:: Recorded data ::
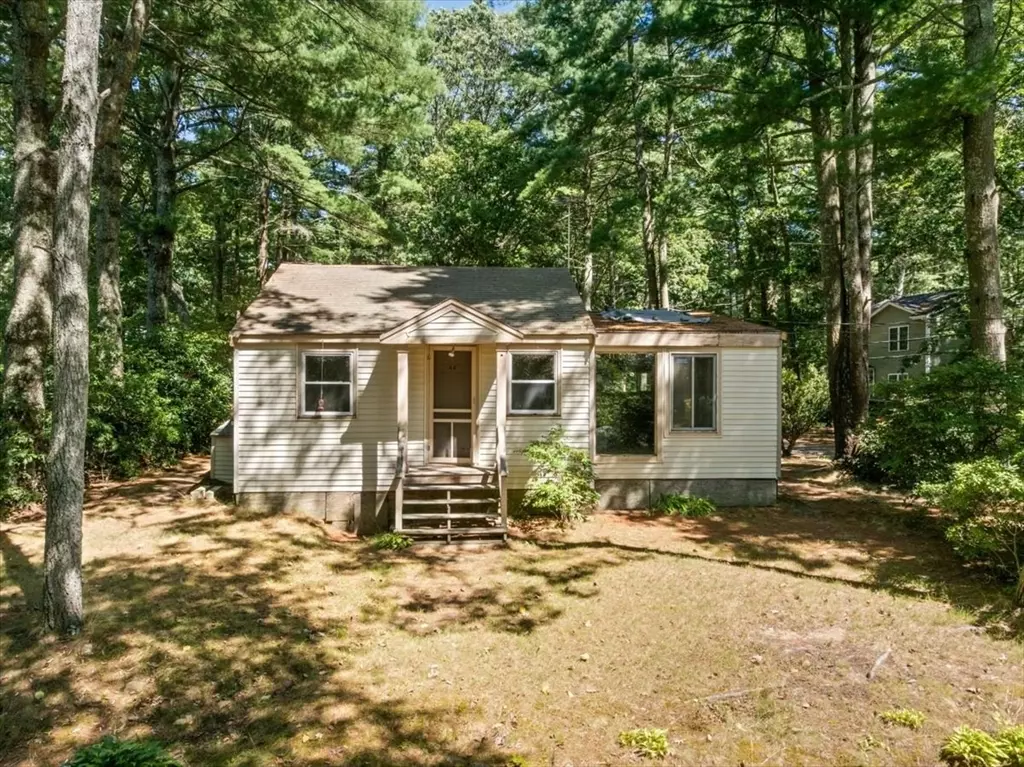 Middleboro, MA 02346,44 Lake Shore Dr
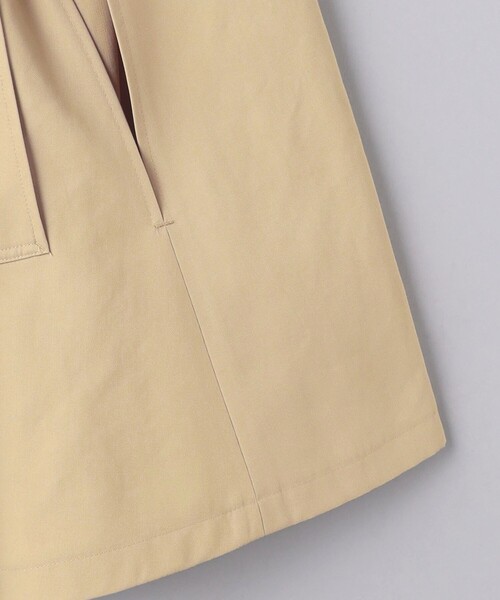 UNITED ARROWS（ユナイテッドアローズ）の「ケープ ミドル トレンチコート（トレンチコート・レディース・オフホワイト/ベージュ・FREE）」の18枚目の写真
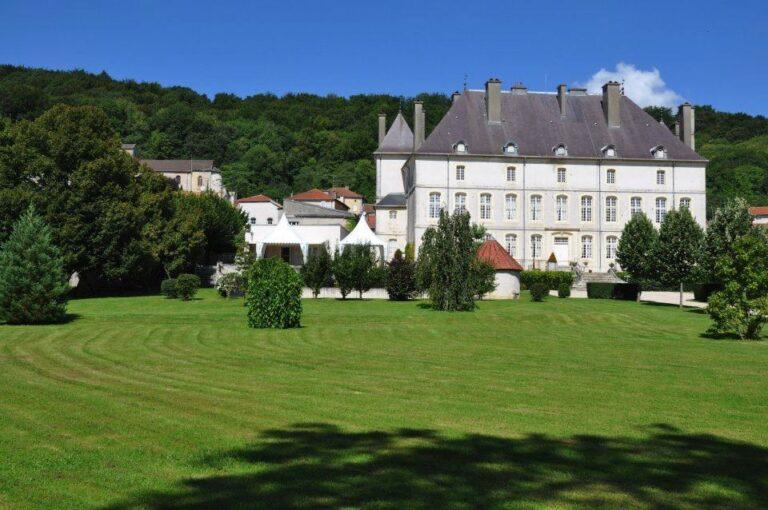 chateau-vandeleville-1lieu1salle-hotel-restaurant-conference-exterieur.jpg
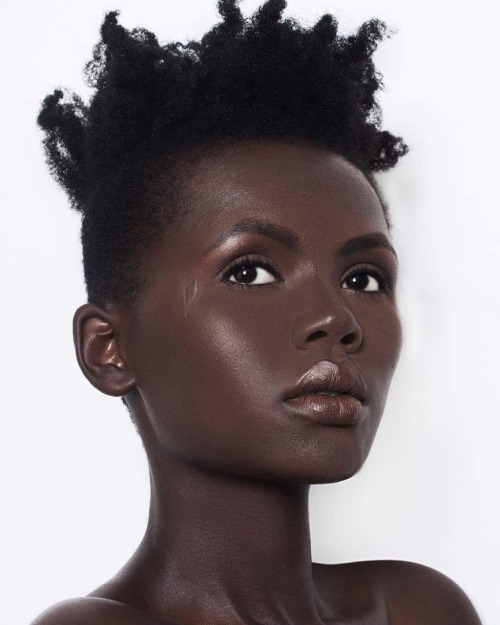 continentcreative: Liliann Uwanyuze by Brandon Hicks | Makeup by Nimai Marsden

:: Directions ::
All the data above is to be transcribed exactly, with no pictures included.

:: Exercise answer ::
 Middleboro, MA 02346,44 Lake Shore Dr
 UNITED ARROWS（ユナイテッドアローズ）の「ケープ ミドル トレンチコート（トレンチコート・レディース・オフホワイト/ベージュ・FREE）」の18枚目の写真
 chateau-vandeleville-1lieu1salle-hotel-restaurant-conference-exterieur.jpg
 continentcreative: Liliann Uwanyuze by Brandon Hicks | Makeup by Nimai Marsden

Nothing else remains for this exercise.